Altra notizia che ha galvanizzato i mercati è stato il dato delle vendite al dettaglio statunitensi di febbraio, pressoché invariate, ma significativamente migliori delle stime di consenso degli analisti, che si accoppia alla revisione al rialzo di gennaio. Un dato che sembra suggerire il ritorno sulla scena del consumatore americano. Ma anche in questo caso, occorre essere prudenti: infatti, il fattore di correzione statistica per la stagionalità è stato in febbraio il maggiore degli ultimi 12 anni. I dati grezzi, cioè non corretti per la stagionalità, mostrano in realtà un calo mensile del 3,9 per cento, mentre storicamente il mese di febbraio tende a produrre variazioni mensili positive prima della destagionalizzazione.

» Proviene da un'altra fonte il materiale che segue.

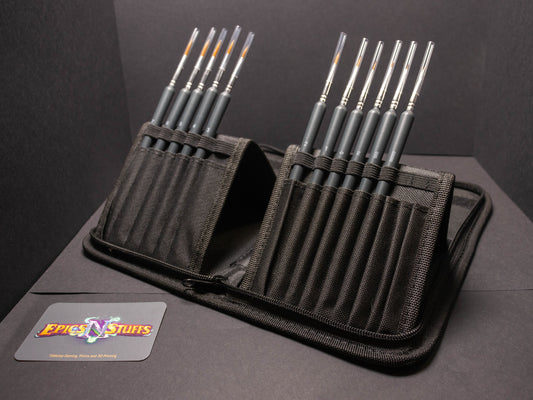 EnS - 11 piece Miniature Synthetic Brush Set with Holder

Esiste allora qualche elemento di speranza, in un quadro fatto di sostanziale collasso del commercio internazionale, della produzione industriale globale e, in ultima istanza, della domanda? Per rispondere occorrerà osservare alcuni indicatori anticipatori. Tra essi, un ruolo di rilievo spetta all’andamento delle scorte. Il crollo verticale della domanda ha causato un accumulo involontario di scorte. Le imprese hanno i magazzini pieni. Ciò determina un aumento del tutto fittizio dei dati di prodotto interno lordo, che tende a farli apparire migliori di quanto effettivamente non siano (perché le scorte contribuiscono alla crescita del Pil, anche se sono destinate a restare invendute), ma al contempo costringono le imprese a pigiare con violenza il pedale del freno, cioè la produzione, e ciò si riflette in minore attività e livelli futuri di occupazione. Ebbene, gli ultimi dati statunitensi mostrano che le imprese stanno smaltendo di buona lena gli stock, più di quanto inizialmente stimato.